Items from a data source
-*-*-
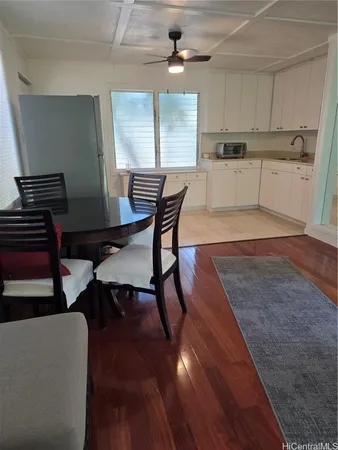 a kitchen with a table chairs a sink dishwasher window and cabinets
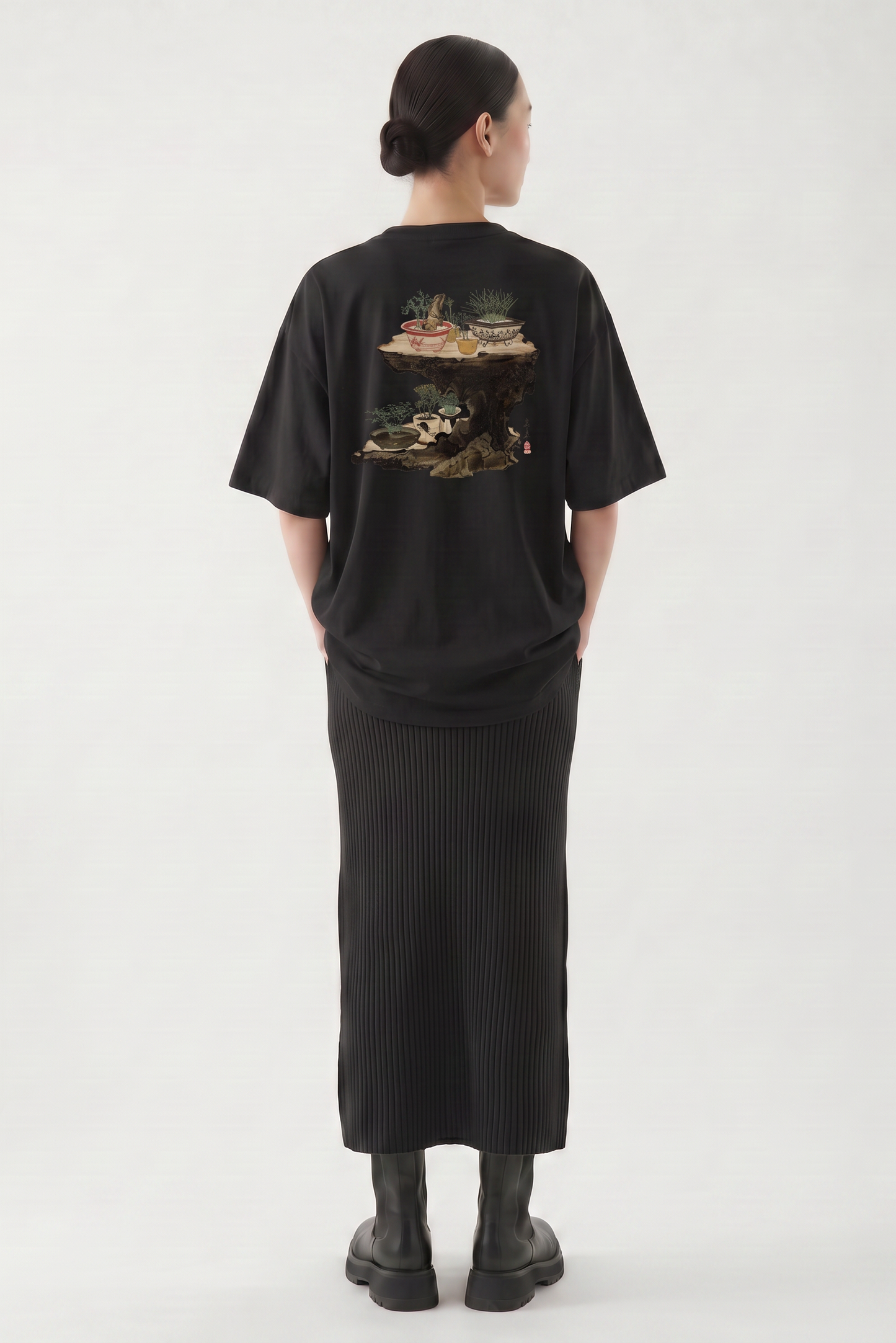 Model wearing a Shibata Zeshin bonsai graphic T-shirt inspired by traditional Japanese art and elegant bonsai illustrations.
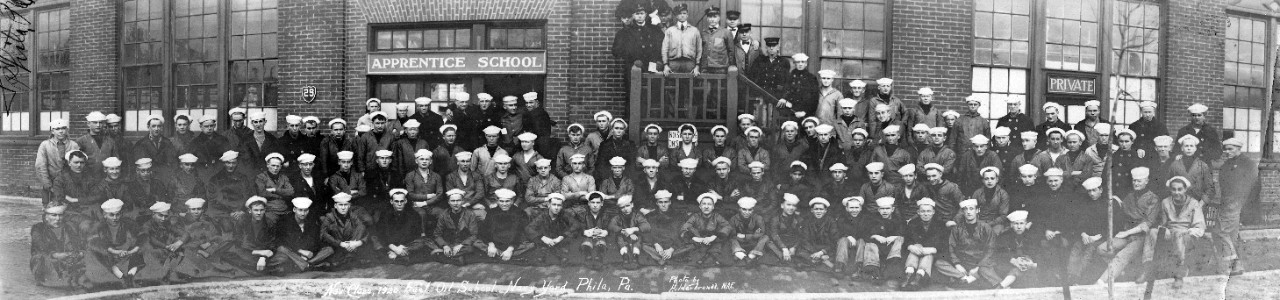 November 1920 class of the Fuel Oil School, Philadelphia Navy Yard, PA. Apprentice school is clearly labeled in the background.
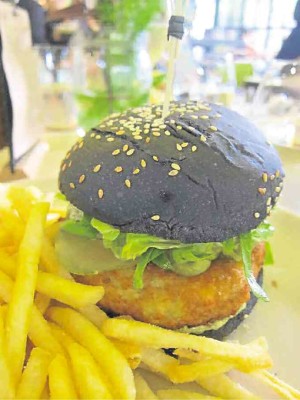 Fish burger at Open Farm Community, which grows some of its vegetables 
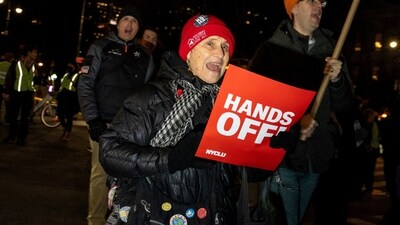 People protest against ICE, holding a 'Hands Off" sign, after a US immigration agent shot and killed a 37-year-old woman in her car. REUTERS/Angelina Katsanis (REUTERS)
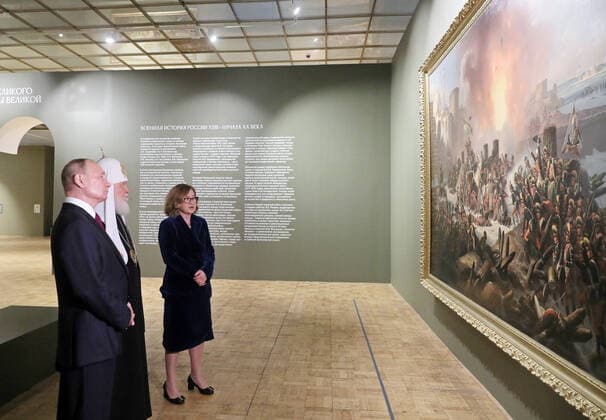 MOSCOW, RUSSIA - JUNE 12, 2021: Russiaâ€™s President Vladimir Putin, Patriarch Kirill of Moscow and all Russia, and State Tretyakov Gallery Director Zelfira Tregulova (L-R) attend the exhibition History of Russia as seen by Artists. To the 800th Birth Anniversary of Alexander Nevsky at the State Tretyakov Gallery. The exhibition shows over 100 paintings from 37 Russian museums and three private collections. Alexander Shcherbak TASS  TS104705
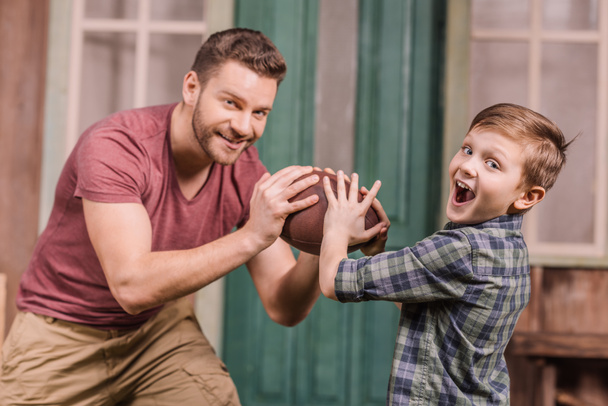 father with son playing with ball at backyard - Photo, Image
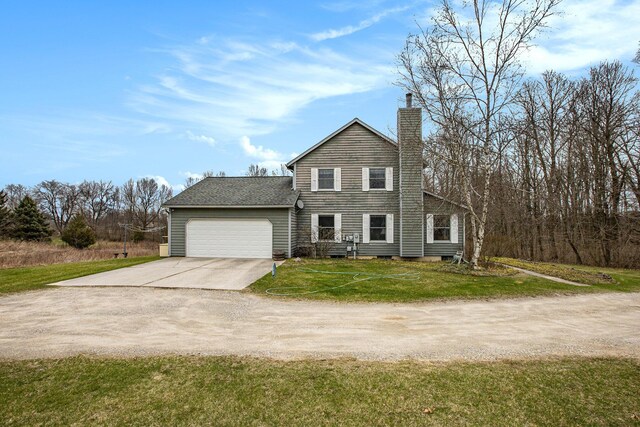 traditional-style house featuring an attached garage, a front yard, a chimney, and concrete driveway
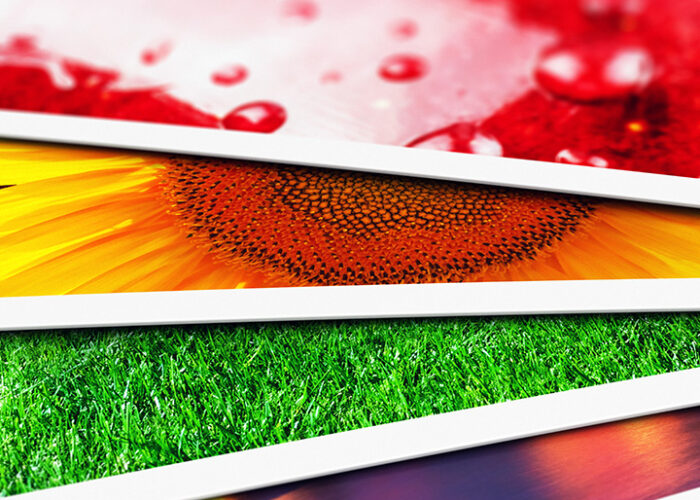 Close-up of colorful postcards.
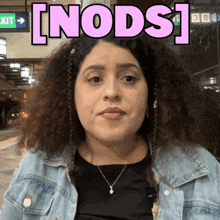 a woman in a denim jacket has the word [ nods ] above her head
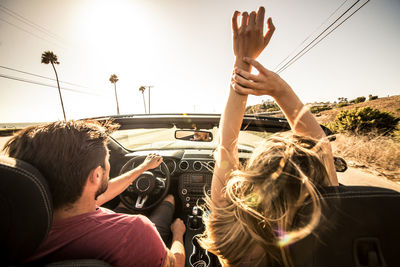 Rear view of friends sitting in car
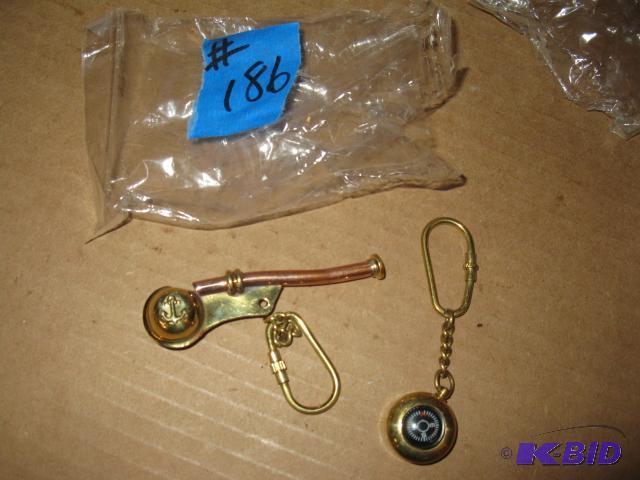 lot 186 image: Navy whistle fob and compass fob, replicas...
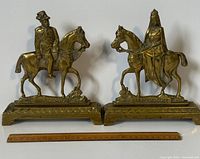 Front view of two solid brass equestrian doorstops with ruler for scale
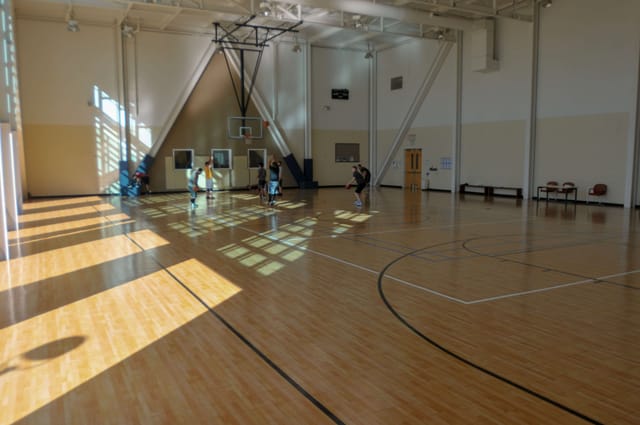 Spacious gym with polished floors for Open Gym Basketball events at Peninsula Community Center.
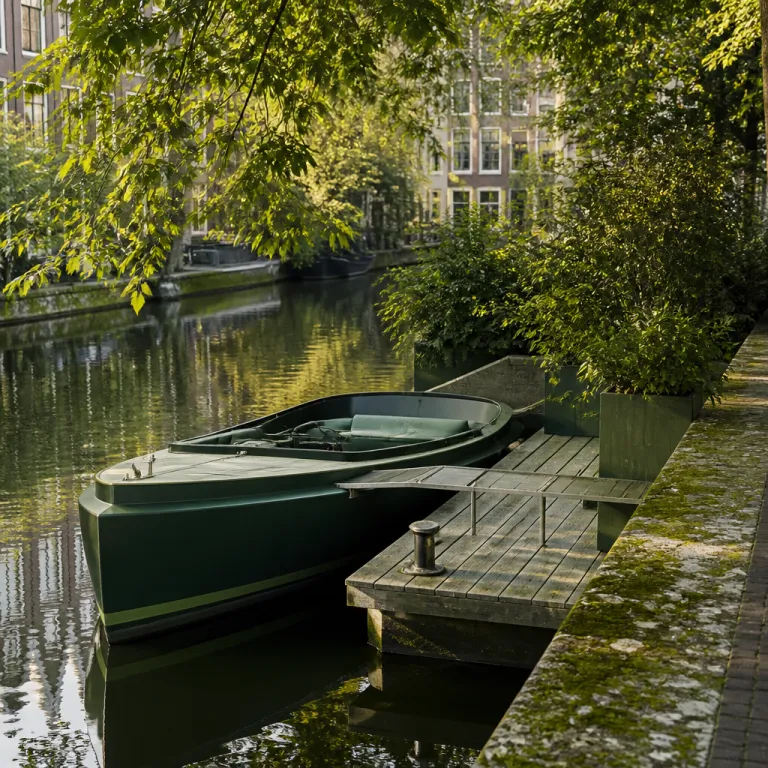 The Electric Canal Boat and the Hotel Dock: How Amsterdam Properties Rethink Water Access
-*-*-
*TRY IT:* Leave out the pictures and return every record word for word.

*WRITTEN ANSWER:*
 a kitchen with a table chairs a sink dishwasher window and cabinets
 Model wearing a Shibata Zeshin bonsai graphic T-shirt inspired by traditional Japanese art and elegant bonsai illustrations.
 November 1920 class of the Fuel Oil School, Philadelphia Navy Yard, PA. Apprentice school is clearly labeled in the background.
 Fish burger at Open Farm Community, which grows some of its vegetables 
 People protest against ICE, holding a 'Hands Off" sign, after a US immigration agent shot and killed a 37-year-old woman in her car. REUTERS/Angelina Katsanis (REUTERS)
 MOSCOW, RUSSIA - JUNE 12, 2021: Russiaâ€™s President Vladimir Putin, Patriarch Kirill of Moscow and all Russia, and State Tretyakov Gallery Director Zelfira Tregulova (L-R) attend the exhibition History of Russia as seen by Artists. To the 800th Birth Anniversary of Alexander Nevsky at the State Tretyakov Gallery. The exhibition shows over 100 paintings from 37 Russian museums and three private collections. Alexander Shcherbak TASS  TS104705
 father with son playing with ball at backyard - Photo, Image
 traditional-style house featuring an attached garage, a front yard, a chimney, and concrete driveway
 Close-up of colorful postcards.
 a woman in a denim jacket has the word [ nods ] above her head
 Rear view of friends sitting in car
 lot 186 image: Navy whistle fob and compass fob, replicas...
 Front view of two solid brass equestrian doorstops with ruler for scale
 Spacious gym with polished floors for Open Gym Basketball events at Peninsula Community Center.
 The Electric Canal Boat and the Hotel Dock: How Amsterdam Properties Rethink Water Access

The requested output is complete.